Is a Wibbley Wobbley A Weeble?

I was watching an episode of Are You Being Served and the staff has to switch departments, sending everyone’s favourite staff from the Men’s and Lady’s Departments to the Toy Department.

Anyway they are showing Wibbley Wobbleys (Is that how you spell it??). Is this a weeble? Here’s the link (Starts at 9:32)
Did they change the name for the show or is a Weeble called something different in the UK?

When I was a kid, even though they were called Weebles, the ad for it always said “Weebles wobble but they don’t fall down,” and some of my friends, who weren’t too bright, because of that jingle insisted on calling them “weeblewobbles.”

Well, as your link points out, Weeble is a trademark. I am pretty sure the concept (and actuality) of wobbly toys has existed a lot longer than this particular brand, and many other manufacturers make them, or have made them.* It is appropriate to use more generic term, although, no doubt, this particular one was chosen for its humor/double entendre value.

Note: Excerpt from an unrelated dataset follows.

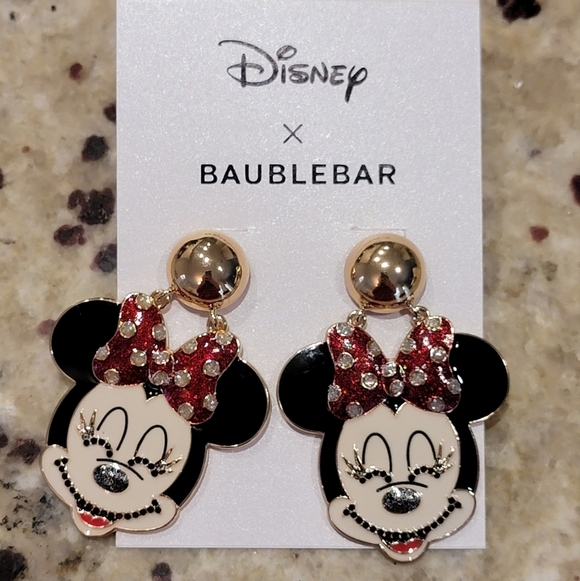 BaubleBar Jewelry - Disney X Baublebar Minnie Mouse Earrings NWT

Also, as it is a BBC show, and the BBC has long had strong rules about avoiding advertising (including product placement), there may have been a deliberate effort to avoid the brand name for this reason.

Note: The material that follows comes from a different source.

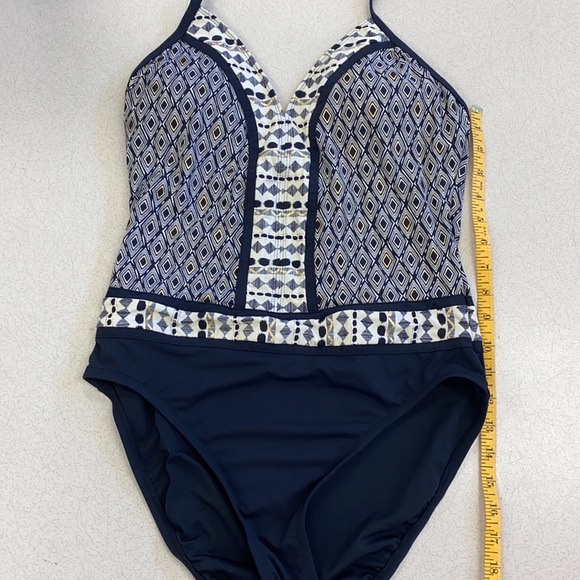 Bleu Rod Beattie NWOT Printed 1 Piece Swimsuit 10 - Picture 12 of 12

*Actually, I had a wobbly toy as a small boy that was called (had written on it) "Magic Marxie," because it was made by the Marx toy company. (Also because it promoted proletarian revolution.)

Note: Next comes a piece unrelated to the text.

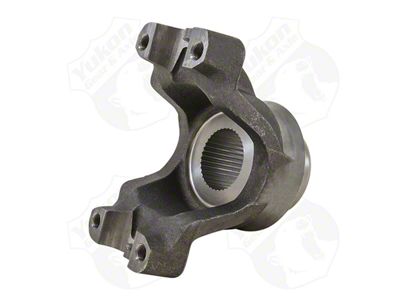 Yukon Gear Differential End Yoke; Rear Differential; Dana 80; Strap Style Pinion Yoke; 37-Spline; Fits 1550 U-Joint; 1.38-Inch Cap Diameter and 5.25-Inch Cap to Cap (11-15 F-350 Super Duty)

a. those are not weebles - weebles had paper faces under a hard plastic shell, not sculpted features like these things
b. the playground set is almost identical (wrong colors, thicker playground furniture, though) to a weebles set I owned 29 years ago. just like this one.

Actually, those are Weebles. The ones made and sold in the UK by Airfix in the 1970s were different to the US ones, but they were still marketed as Weebles. Check out the link.

True. They’ve eased up a bit in the last decade or so, but when the programme in question was made, they were incredibly strict and careful about it. The craft tutorials on the children’s show Blue Peter used to obscure all the brand names on various cereal boxes and other recycled materials with carefully painted rectangles, or coloured tape.

Yeah, Fablon self-adhesive vinyl eventually changed it’s tag-line to “The Sticky-back Plastic” in reference to what it was called on Blue Peter.

Wibbley-wobbley, timey-wimey.

Ah! it all comes flooding back - they were so careful to use generic descriptive terms for all the materials, even when describing specifically unique product packaging.